Walking up to strangers and asking to record their life story as lyrics seems like odd homework, but not to Trey Flores, senior music composition major from Waco. Threads of disconnected stories weave together into common themes of underrepresentation in classrooms, isolation and a diverse culture as students give Flores a glimpse into what the Black college experience means to them at SFA, a predominantly white institution.
A simple school project for the class MUTC 4175 Special Problems quickly transformed into something much more powerful for Flores. He took up the challenge to create an organized set of six musical pieces documenting the Black college experience from 25 detailed interviews.
Flores said that after every interview, he would always ask the interviewee how they felt.
“They would always have this sense of relief and [they just felt] good to let everything they said out,” Flores said. “Some of [the responses] were pretty jarring, while others were more or less expected because I am a Black student, so I get what it’s like, but I don’t [understand] all the time because there’s just so many different kinds of people.”
DaQuan Allen, Black Student Caucus executive board member and senior creative writing major from Dallas, said students and organizations will identify with Flores’ pieces, and the music will help organizations rebuild a foundation of unity.
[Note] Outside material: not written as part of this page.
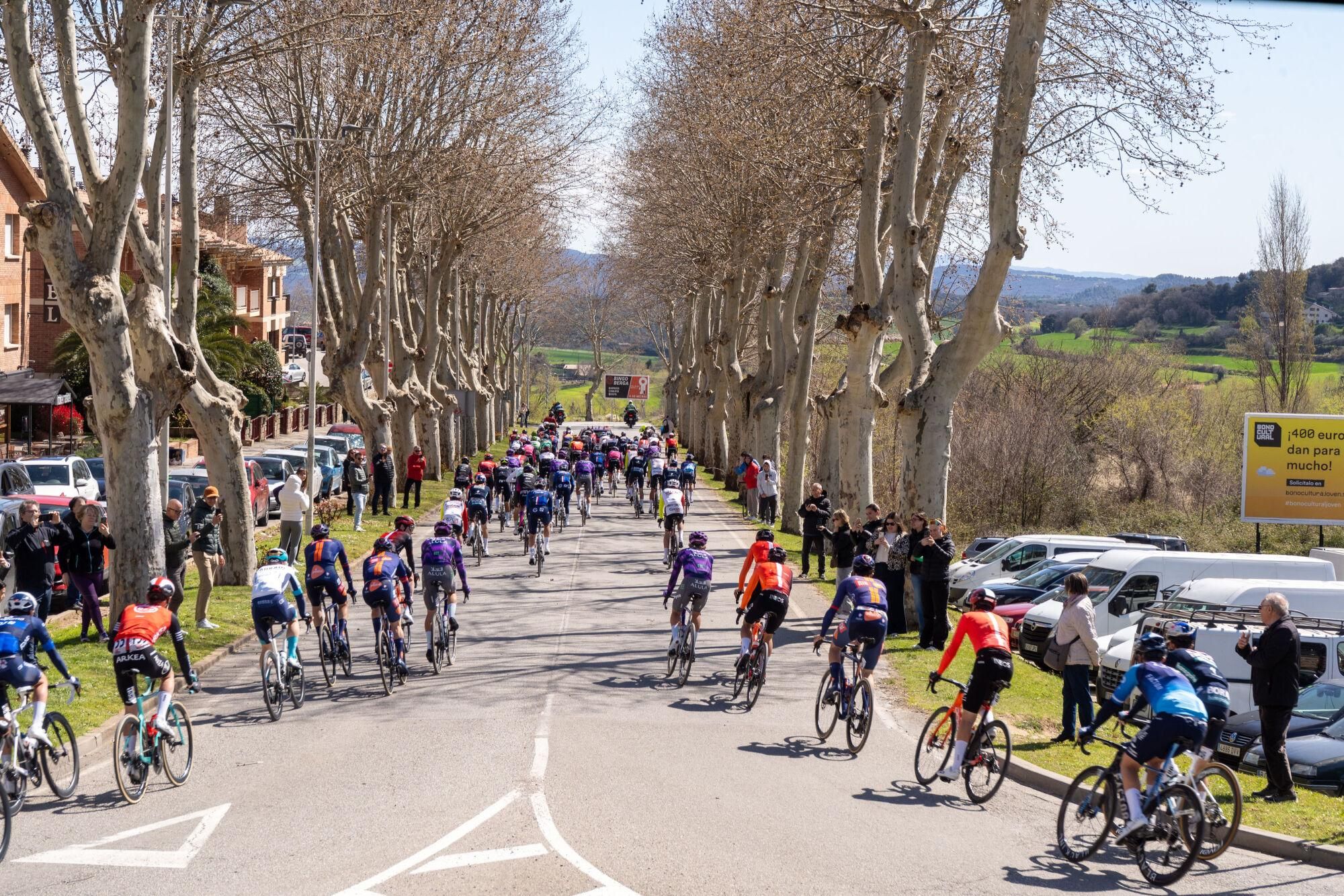 Les millors imatges de la sortida de la Volta a Berga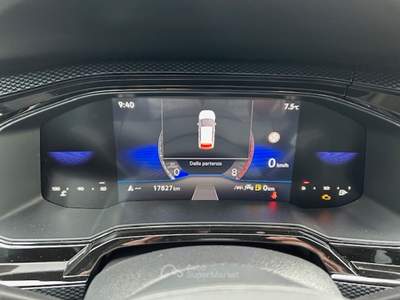Volkswagen Taigo taigo life aziendale Grigio usata Beregazzo con Figliaro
“I feel like they will be like, ‘I have a family here, and I can relate to what’s going on and I know that because I’m not the only one that feels this way. We can work to make it better,’” Allen said.
The interviews were supplemented by a Google Form, which was sent out to Black organization leaders, like Allen, to be dispersed for a wider perspective.
Flores has written music from interviews before. His website features a piece called “Everard,” which is about a woman’s experience with misogyny. "Everard” premiered at the 2021 Fresh Inc. Music Festival and was performed in the festival’s digital platform.
“[Creating ‘Everard’] was really eye-opening to me because I myself am not a woman, so I don’t have that perspective,” Flores said. “What I had to do was go around and ask all these people to give me their perspective about all these questions I’d laid out for them, and it was really a beautiful experience. I loved it. That really set me on the path to do this, and this is really more personal to me.”
He said he likes his work to be meaningful and to say something to the listener.
“It is for a grade, but it’s kind of moved past that. There’s a lot more to it now,” Flores said.
Flores has reached out to musicians and other team members who are willing to help Flores achieve his goal.
Jay Teamer, senior music education major from Lewisville, said it’s always good to have a strong support system for big projects like this.
“[Flores] has some people in his corner who are really [here] for him, so I’m just hoping he goes all the way for it,” Teamer said.
The pieces about the Black college experience are still being constructed, but Flores said he plans to base each of the six pieces on a different Black genre of music such as jazz, hip-hop, R&B, soul and gospel.
The collection will be performed at the Spring Convocation with the Black Student Caucus.